Sep 2019 – New articles on our work from the University of Illinois News Bureau and Associated Press. Fox Champaign visited campus to interview us last week, so we’ll be posting a link to that video in coming weeks!

Aug 2019 – We are very excited to share the news that our follow-on proposal has been funded by the National Science Foundation! Our new grant will allow us to create new STEM interest-triggering resources, tools for exoplanet exploration and creation, new online learning activities (in collaboration with PBS NOVA), and corresponding planetarium shows (in Boulder, CO). See the NSF summary for more information.

July 2019 – We returned to the Urbana Neighborhood Connections Center for another exciting two weeks of What-if and Exoplanet exploration in Minecraft!

Apr 2019 – We are running a camp at the Next Generation School. What an entrance!

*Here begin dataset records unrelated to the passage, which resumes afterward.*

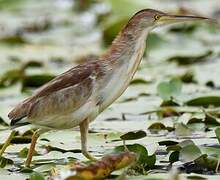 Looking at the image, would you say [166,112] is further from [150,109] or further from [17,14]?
[17,14]

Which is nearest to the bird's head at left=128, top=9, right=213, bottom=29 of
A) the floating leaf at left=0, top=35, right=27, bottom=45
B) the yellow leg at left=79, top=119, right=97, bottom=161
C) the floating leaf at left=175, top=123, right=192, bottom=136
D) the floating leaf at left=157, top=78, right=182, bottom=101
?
the yellow leg at left=79, top=119, right=97, bottom=161

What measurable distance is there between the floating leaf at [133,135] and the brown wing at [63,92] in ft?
1.44

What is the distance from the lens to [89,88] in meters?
3.79

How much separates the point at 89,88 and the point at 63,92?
135mm

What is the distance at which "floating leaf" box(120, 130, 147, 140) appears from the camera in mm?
4145

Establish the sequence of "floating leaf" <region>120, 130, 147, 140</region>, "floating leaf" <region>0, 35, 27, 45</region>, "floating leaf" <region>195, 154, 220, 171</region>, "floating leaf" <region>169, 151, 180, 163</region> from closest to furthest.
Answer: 1. "floating leaf" <region>195, 154, 220, 171</region>
2. "floating leaf" <region>169, 151, 180, 163</region>
3. "floating leaf" <region>120, 130, 147, 140</region>
4. "floating leaf" <region>0, 35, 27, 45</region>

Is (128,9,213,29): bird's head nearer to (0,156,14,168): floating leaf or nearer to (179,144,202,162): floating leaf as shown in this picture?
(179,144,202,162): floating leaf

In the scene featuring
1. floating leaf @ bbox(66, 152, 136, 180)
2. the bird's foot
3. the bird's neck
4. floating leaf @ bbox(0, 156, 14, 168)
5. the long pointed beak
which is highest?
the long pointed beak

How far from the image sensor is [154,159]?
3.66 metres

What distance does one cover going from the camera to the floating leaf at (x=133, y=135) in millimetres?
4145

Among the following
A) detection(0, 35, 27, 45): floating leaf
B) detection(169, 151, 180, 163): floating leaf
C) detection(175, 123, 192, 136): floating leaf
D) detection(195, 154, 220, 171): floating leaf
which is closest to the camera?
detection(195, 154, 220, 171): floating leaf

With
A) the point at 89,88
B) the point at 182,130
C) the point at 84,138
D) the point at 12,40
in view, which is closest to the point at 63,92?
the point at 89,88

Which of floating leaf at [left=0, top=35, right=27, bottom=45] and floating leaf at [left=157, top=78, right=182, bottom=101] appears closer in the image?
floating leaf at [left=157, top=78, right=182, bottom=101]

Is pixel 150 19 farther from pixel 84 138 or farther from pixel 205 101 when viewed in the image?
pixel 205 101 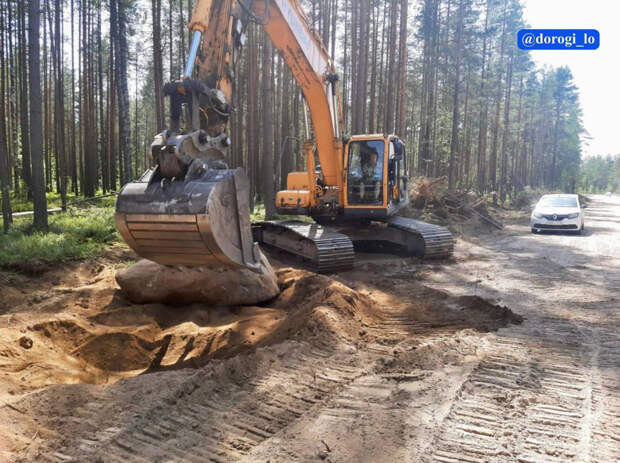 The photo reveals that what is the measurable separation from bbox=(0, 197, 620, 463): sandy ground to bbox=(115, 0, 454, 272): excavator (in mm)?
1214

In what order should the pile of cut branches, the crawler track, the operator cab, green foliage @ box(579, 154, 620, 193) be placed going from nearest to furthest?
the crawler track
the operator cab
the pile of cut branches
green foliage @ box(579, 154, 620, 193)

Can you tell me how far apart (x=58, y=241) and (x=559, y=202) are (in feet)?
57.2

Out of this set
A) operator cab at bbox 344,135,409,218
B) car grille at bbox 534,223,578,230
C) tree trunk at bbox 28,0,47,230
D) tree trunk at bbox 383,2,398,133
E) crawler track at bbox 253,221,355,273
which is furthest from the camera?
tree trunk at bbox 383,2,398,133

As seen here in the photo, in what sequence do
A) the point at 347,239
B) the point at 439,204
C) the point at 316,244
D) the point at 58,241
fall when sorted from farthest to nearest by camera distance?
the point at 439,204, the point at 58,241, the point at 347,239, the point at 316,244

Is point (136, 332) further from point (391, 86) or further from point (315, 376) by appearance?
point (391, 86)

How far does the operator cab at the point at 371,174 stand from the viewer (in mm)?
10664

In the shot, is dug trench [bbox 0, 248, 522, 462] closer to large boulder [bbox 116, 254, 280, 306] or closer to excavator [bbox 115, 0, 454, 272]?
large boulder [bbox 116, 254, 280, 306]

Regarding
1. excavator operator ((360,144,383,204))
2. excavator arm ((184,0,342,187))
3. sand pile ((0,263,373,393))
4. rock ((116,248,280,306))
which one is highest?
excavator arm ((184,0,342,187))

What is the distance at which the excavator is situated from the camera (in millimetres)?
4707

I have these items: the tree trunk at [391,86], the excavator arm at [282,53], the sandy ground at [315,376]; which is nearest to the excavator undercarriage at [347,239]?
the excavator arm at [282,53]

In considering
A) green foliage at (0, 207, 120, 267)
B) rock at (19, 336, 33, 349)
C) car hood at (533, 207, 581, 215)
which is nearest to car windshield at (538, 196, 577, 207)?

Mar 2019 – Catch us in June at the Foundations of Digital Games conference discussing our findings from our work with the Urbana Neighborhood Connections Center and FabLab.

Feb 2019 – Check out Dr. Lane & Dr. Comins at AISL!

Jan 2019 – Look out for our talk at ISTE this June. Learn more about our project and ways to implement games like Minecraft into your own classroom.

June 2018 – It was great working with enthusiastic campers and staff at Urbana Neighborhood Neighborhood Center and FabLab. Now to dive into data…

May 2018 – Our 2018 NSF STEM for All Video Showcase entry received a faciltators’ Choice Award!